Dalam konsultasi tersebut, Pansus Plasma juga memaparkan kondisi riil di Kabupaten Batu Bara.

Dari 13 perusahaan perkebunan yang beroperasi di wilayah tersebut, baru tiga perusahaan yang telah menjalankan program kemitraan plasma. Namun, pelaksanaan program tersebut dinilai masih belum optimal sehingga manfaatnya belum dirasakan secara maksimal oleh masyarakat.

Kondisi tersebut menjadi salah satu alasan DPRD membentuk Panitia Khusus Plasma sebagai instrumen pengawasan sekaligus upaya mencari solusi atas persoalan yang telah berlangsung cukup lama.

Pansus berharap adanya penegasan dari pemerintah pusat dapat menjadi pedoman bersama bagi pemerintah daerah, perusahaan perkebunan, maupun masyarakat sehingga pelaksanaan kewajiban plasma dapat berjalan sesuai ketentuan peraturan perundang-undangan.

Hak Masyarakat Harus Terjamin

Kehadiran berbagai unsur masyarakat dalam konsultasi ke Kementerian Pertanian menunjukkan bahwa isu plasma tidak hanya menjadi perhatian DPRD, tetapi juga organisasi masyarakat, tokoh adat, insan pers, hingga organisasi kepemudaan.

Mereka memiliki harapan yang sama, yakni memastikan masyarakat di sekitar kawasan perkebunan memperoleh manfaat ekonomi melalui pola kemitraan yang adil dan berkelanjutan.

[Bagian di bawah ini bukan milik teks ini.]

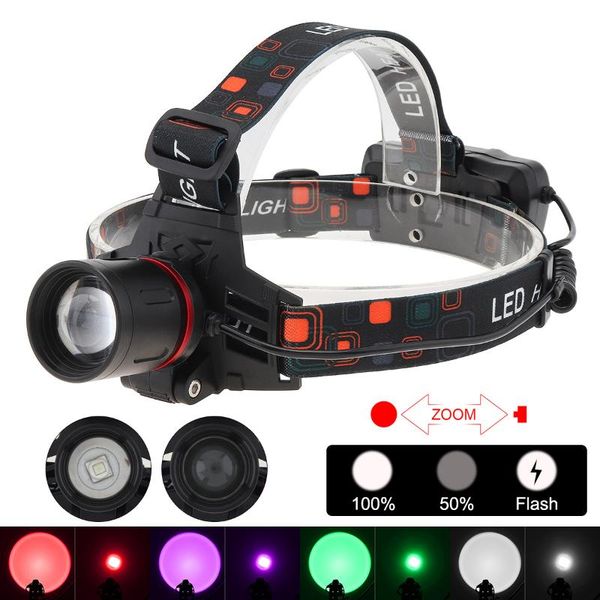 

headlamps xml-t6 led night hunting light zoomable brightest green red purple white waterproof rechargeable headlight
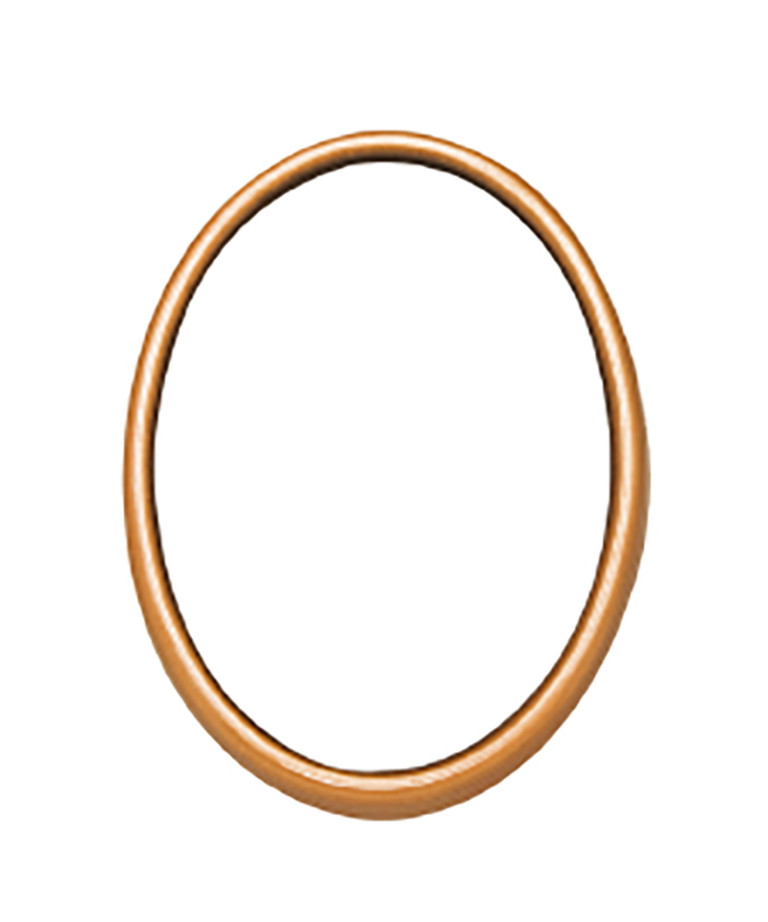 Brass frame for oval porcelain tile - thin stroke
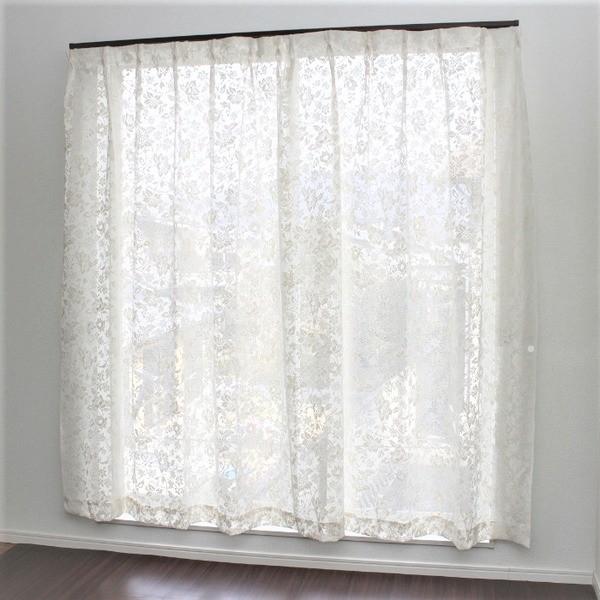 レースカーテン 幅100cm×丈198cm 2枚 花柄 綿混素材 アジャスターフック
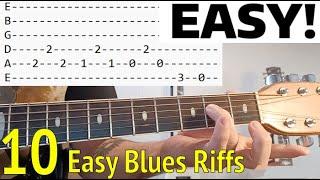 10 Easy BLUESY Blues Riffs For Beginners - Classic Riffs Guitar Lesson With Tabs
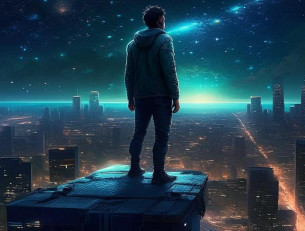 мужчина стоит на фоне ночного неба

Kebun plasma selama ini dipandang sebagai instrumen pemerataan kesejahteraan masyarakat sekitar perkebunan sekaligus bentuk tanggung jawab perusahaan dalam menjalankan kegiatan usahanya.

DPRD Tegaskan Komitmen Mengawal

Konsultasi ke Direktorat Jenderal Perkebunan menjadi bagian dari rangkaian langkah yang ditempuh Pansus Plasma DPRD Kabupaten Batu Bara dalam menyelesaikan persoalan yang selama bertahun-tahun menjadi perhatian masyarakat.

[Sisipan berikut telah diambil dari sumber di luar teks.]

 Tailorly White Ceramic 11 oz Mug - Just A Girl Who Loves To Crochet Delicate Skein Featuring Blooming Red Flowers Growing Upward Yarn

Dengan diperolehnya penjelasan resmi dari pemerintah pusat, DPRD berharap tidak ada lagi ruang bagi perbedaan penafsiran terhadap regulasi mengenai kewajiban pembangunan kebun masyarakat.

Hasil konsultasi tersebut selanjutnya akan menjadi bahan pembahasan Panitia Khusus Plasma dalam menyusun rekomendasi kepada Pemerintah Kabupaten Batu Bara serta menjadi dasar dalam melakukan pengawasan terhadap perusahaan-perusahaan perkebunan yang beroperasi di daerah.

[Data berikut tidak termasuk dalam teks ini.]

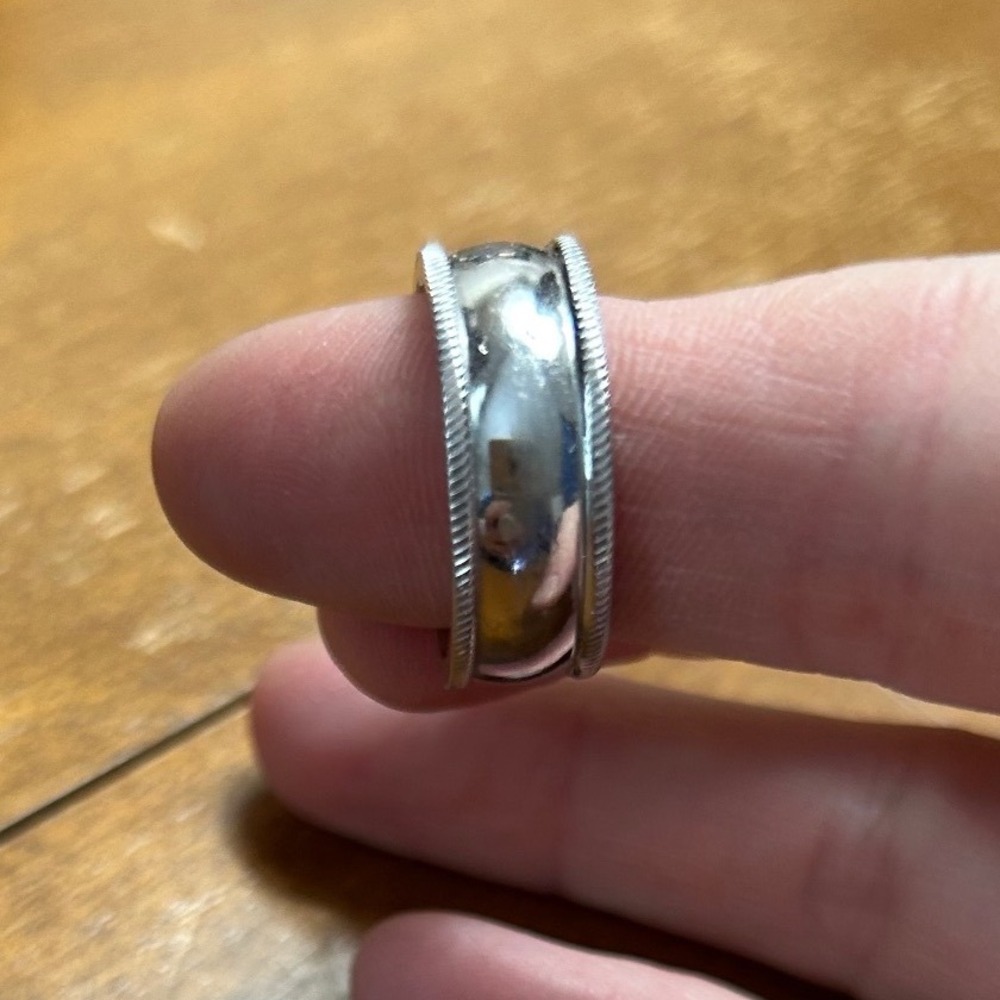 Silver Tone Domed Band Ring with Rope Edge Detail Size 9 Wide Wedding Band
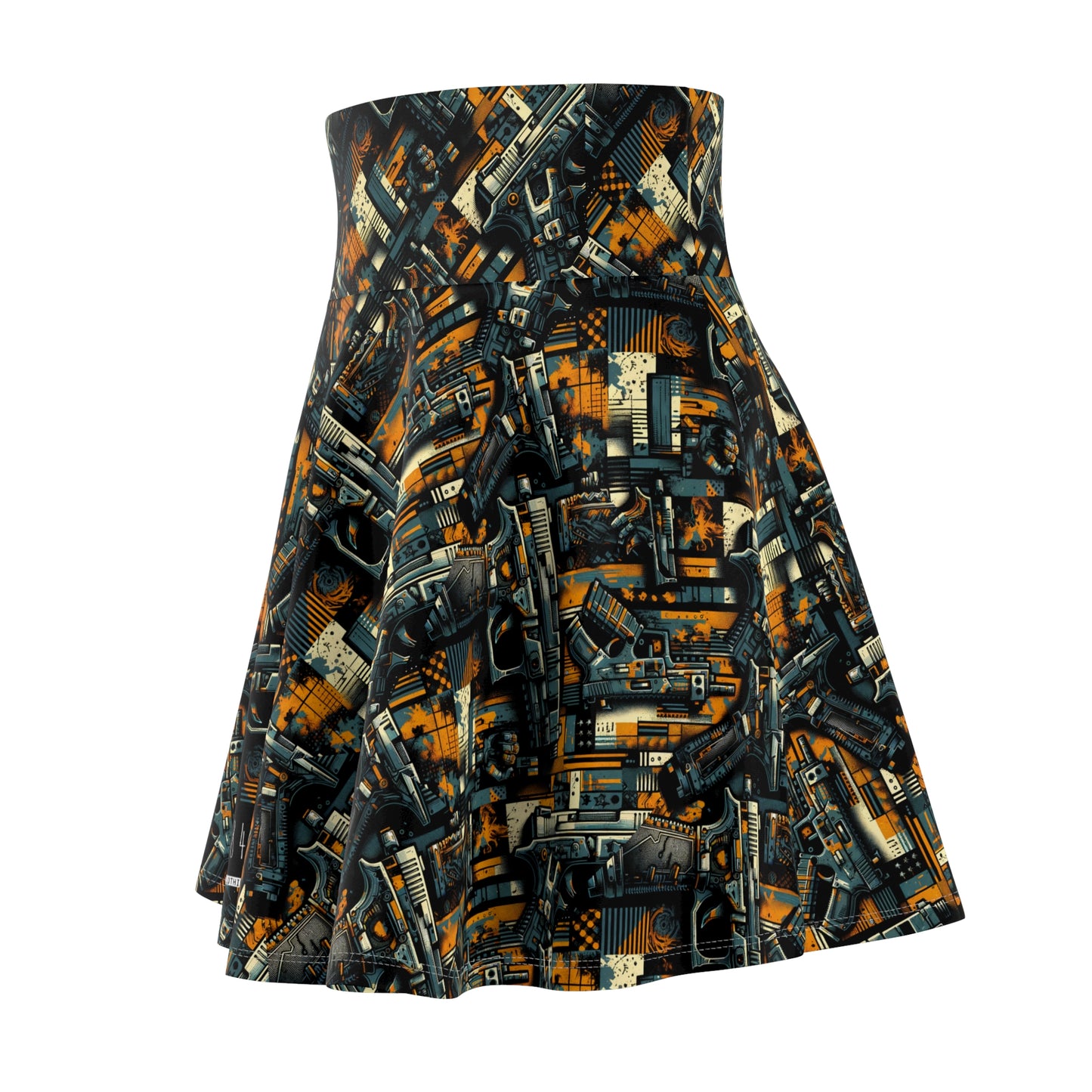 Digital Punk Futuristic Grunge Women's Skater Skirt - 8404 Design-47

DPRD menegaskan perjuangan memperoleh hak plasma 20 persen bukan sekadar persoalan administratif, melainkan bagian dari upaya memastikan amanat peraturan perundang-undangan benar-benar diwujudkan demi meningkatkan kesejahteraan masyarakat di sekitar kawasan perkebunan.